I'm so sorry for your loss. I agree with the other mamas about posting pics of Quinn here. It'll take forever to 'get over' it. You never will and don't let anyone tell you that you should. You will have other babies but they will not be Quinn...I'm hoping that you're crying alot and feeling the grief so you don't go crazy. It'll be okay. The pain will lessen, though this may be a tough holiday season for you. Don't feel bad about not wanting to look at SILs baby or talk to her for now, I'm sure she would understand (i would) Soon you'll be strong enough to handle it.

I've never lost a baby, but am close to some who did so i don't know how it feels, i can only imagine. ((hugs))


----------



## Boxerlove1 (Oct 11, 2005)

I know how you feel. Saturday will mark 6 weeks since my little Sebastian died. He too lived for 2 days. All I can think about is my son, and I want so desperately to be pregnant again. Sometimes, I can still feel him kick! It has occurred to me more than once to say hell with the doctors, I'm gonna get pregnant again right away, but then my rational mind comes back, and I realize that there are even more risks associated with ttc too soon after c-section. It's so hard, especially around the damn holidays - and in a society obsessed with youth and babies... well, you see where I'm going. The hardest for me has been to take care of myself, and my needs and putting others on the back-burner while I heal. I also took a little vacation for about a week, and it helped me clear my head immensely.

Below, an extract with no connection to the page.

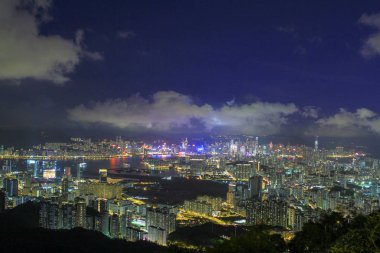 Kowloon East District 'den görülen bir gece manzarası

Things will never be the same, for any of us. But we must nurture ourselves at this time, and find support wherever you can. I have a cousin who had a baby girl about 2 weeks before I had Sebastian, and she has come to see me, but left the baby at home, as not to upset me. I thought this was very thoughtful of her. It seems like everywhere I look, there are babies, babies and more babies - was it like this before Sebastian died? I'm not sure - maybe I'm just more aware of it now.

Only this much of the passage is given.